Get Big Results with “Optionality”

Today's Guest Post comes from Chris Mayer of Penny Sleuth. Get Big Results with "Optionality" originally appeared in the Penny Sleuth. In this piece, Mayer explains the concept of "Optionality" as a way to battle the uncertain and fickle market conditions. If you enjoy this post, please click here to learn more about Penny Sleuth and a complimentary report which will share 3 stocks poised to breakout.

“The world has changed. It is a more fragile and less stable place.”

The speaker was Joshua Friedman, the co-chief at Canyon Partners, which manages $20 billion. He was speaking at Grant’s Spring Investment Conference, which I attended in early April.

Friedman used the imagery of the old bell curves. There is the normal bell curve and the “new normal” curve with fatter tails.
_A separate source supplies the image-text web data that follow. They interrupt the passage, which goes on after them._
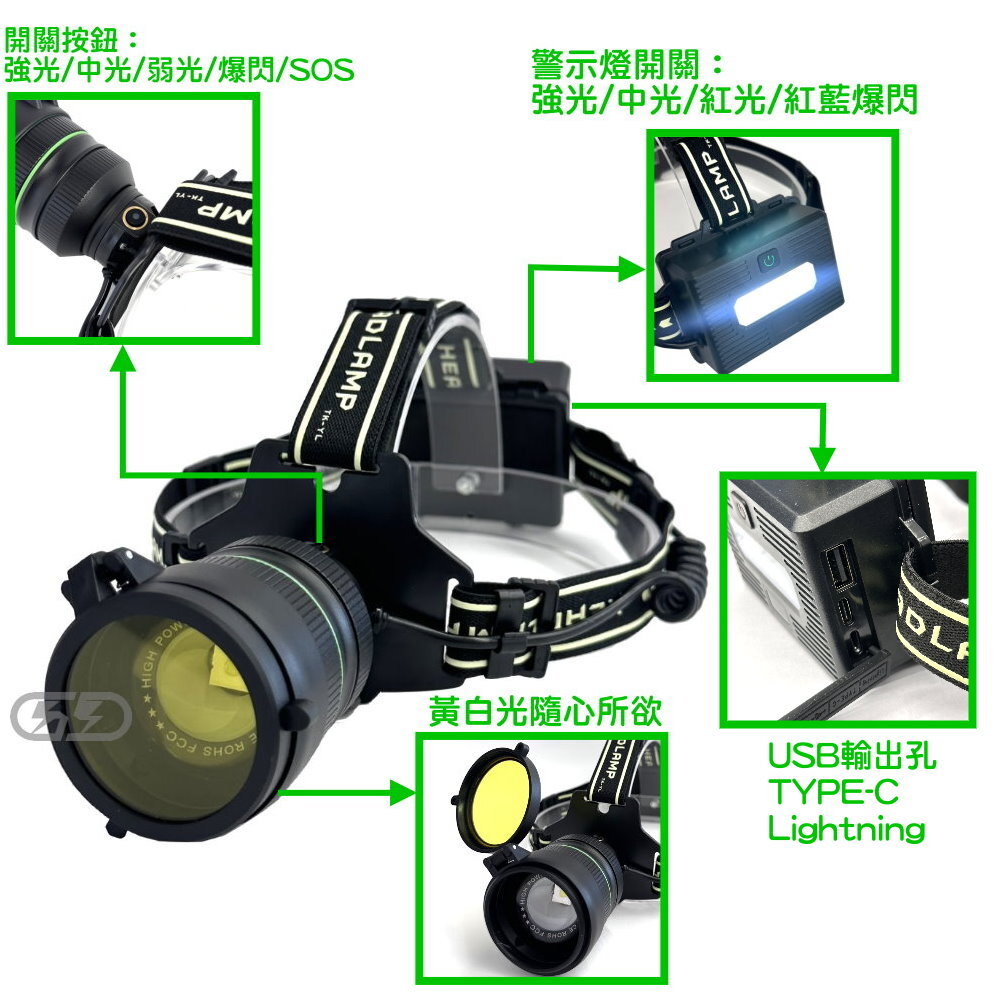 高亮度照明組合|TD41+TD001晶典光電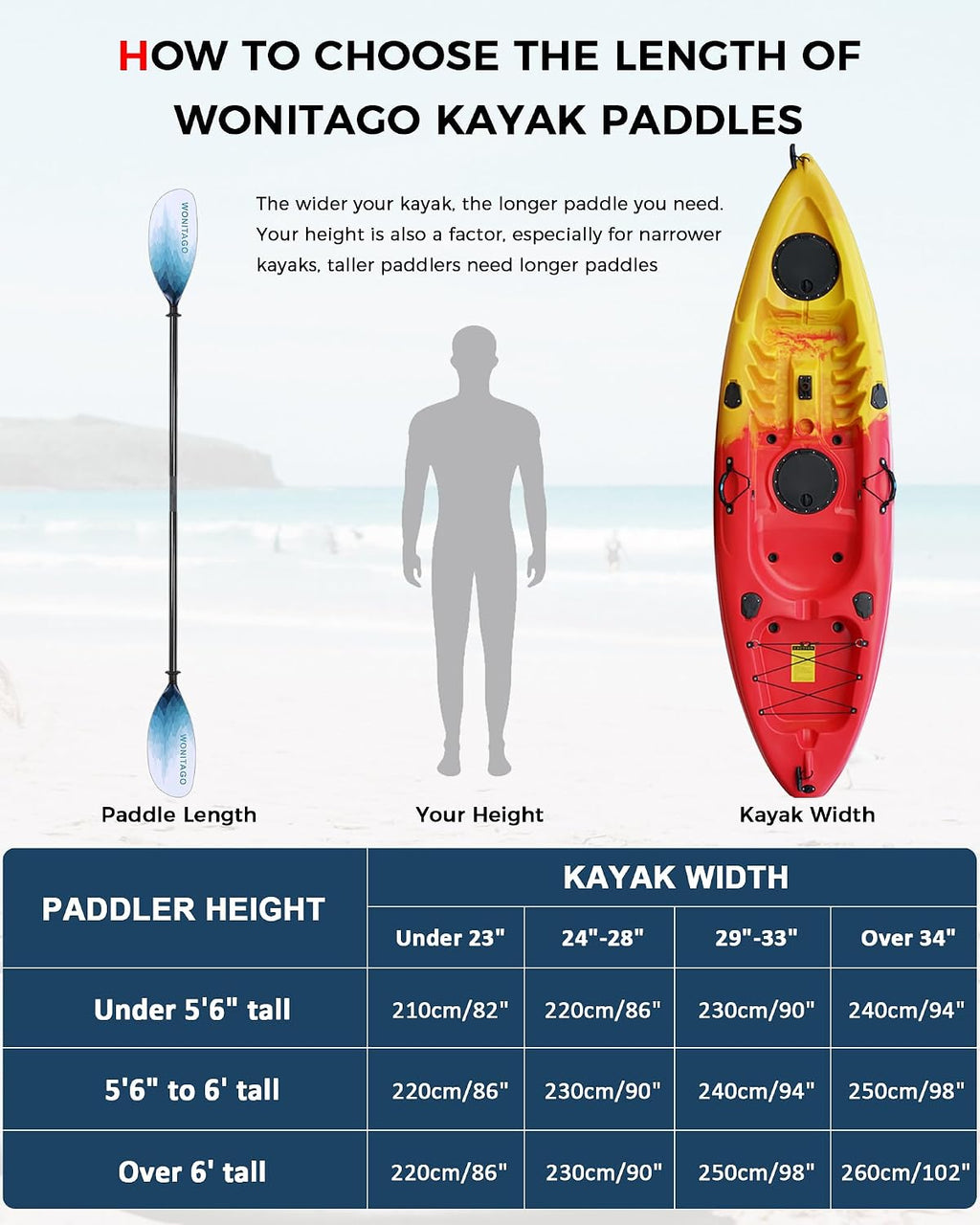 Adjustable Kayak Paddle with Carbon Fiber Shaft and Nylon Blade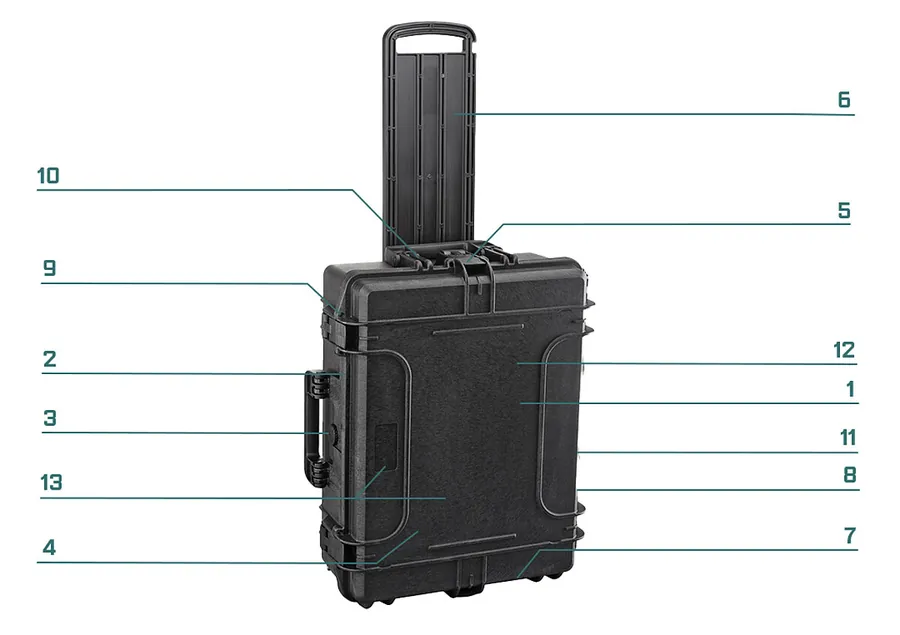 RoseCase ProSecure RCPS 405 TR numbered feature diagram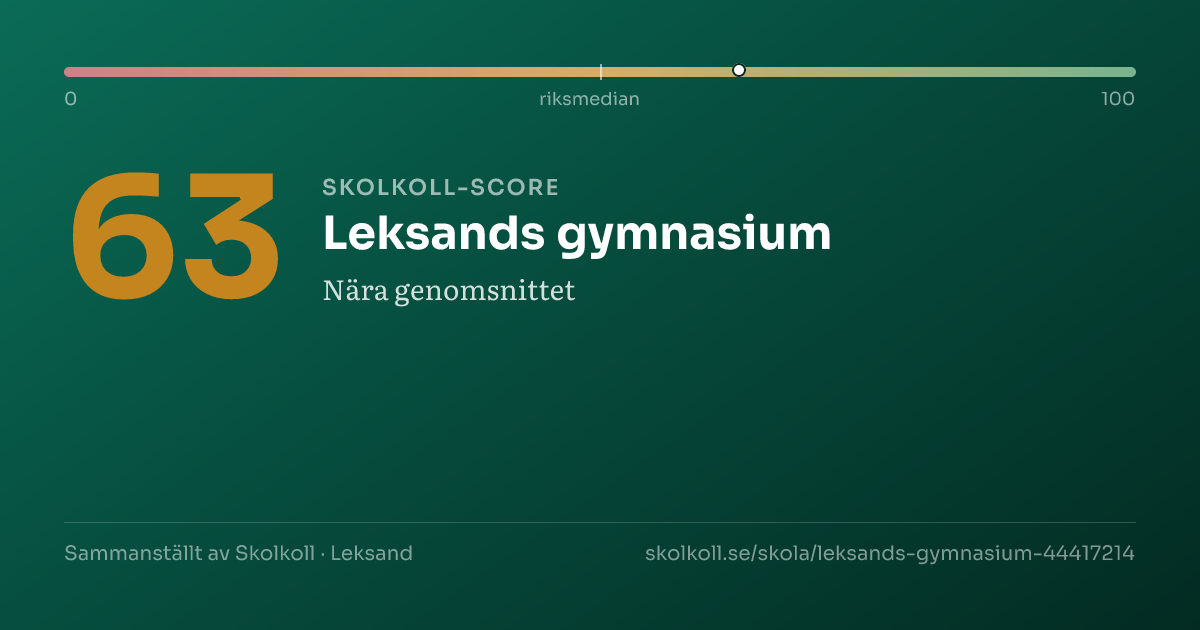 Skolkoll-score för Leksands gymnasium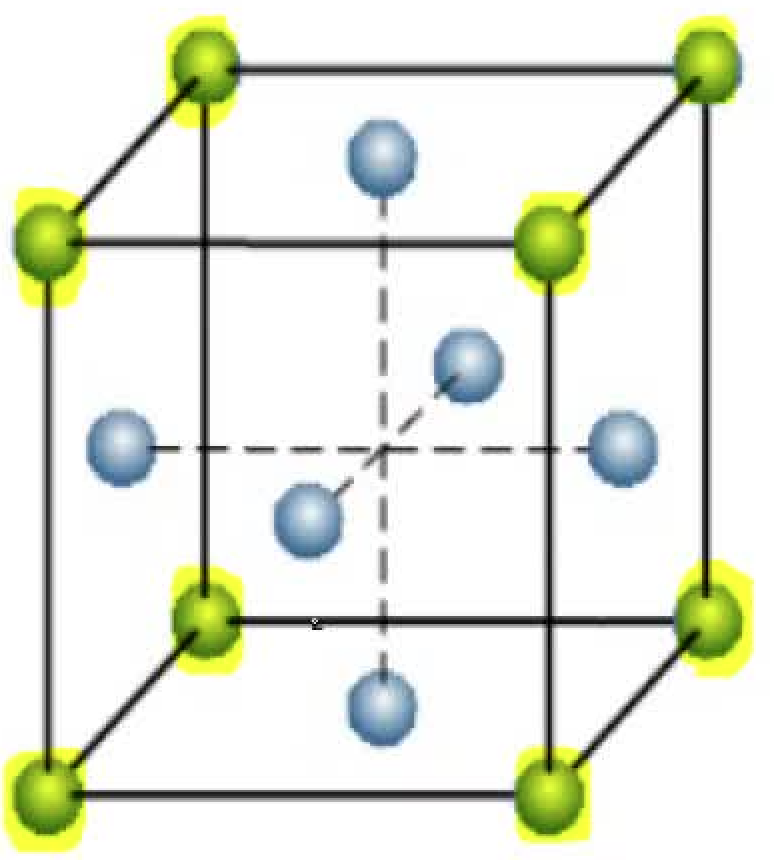 Solved This is a model of a ____________ unit cell. There | Chegg.com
In plain terms, it means more crazy things will happen. It means outliers will become more common. It means the unexpected will happen more frequently. Wildness lies in wait, as Chesterton had it.

In many ways, markets have always been this way, as the late Benoit Mandelbrot observed. For instance, financial theory – based on the old bell curve – predicts that a market move of 7% or more in a single day will happen once every 300,000 years. Yet the 20th century alone had 48 such days. “Truly, a calamitous era,” Mandelbrot writes, “that insists on flaunting all predictions.”

What to do?

Michael Harkins, a respected investor at the firm of Levy, Harkins & Co., said to avoid “cash sinkholes.” Exhibit A was Alcoa, a “capitalist catastrophe,” as he put it. Every dime the company earns and more is consumed in costly, capital-intensive projects that generate no free cash.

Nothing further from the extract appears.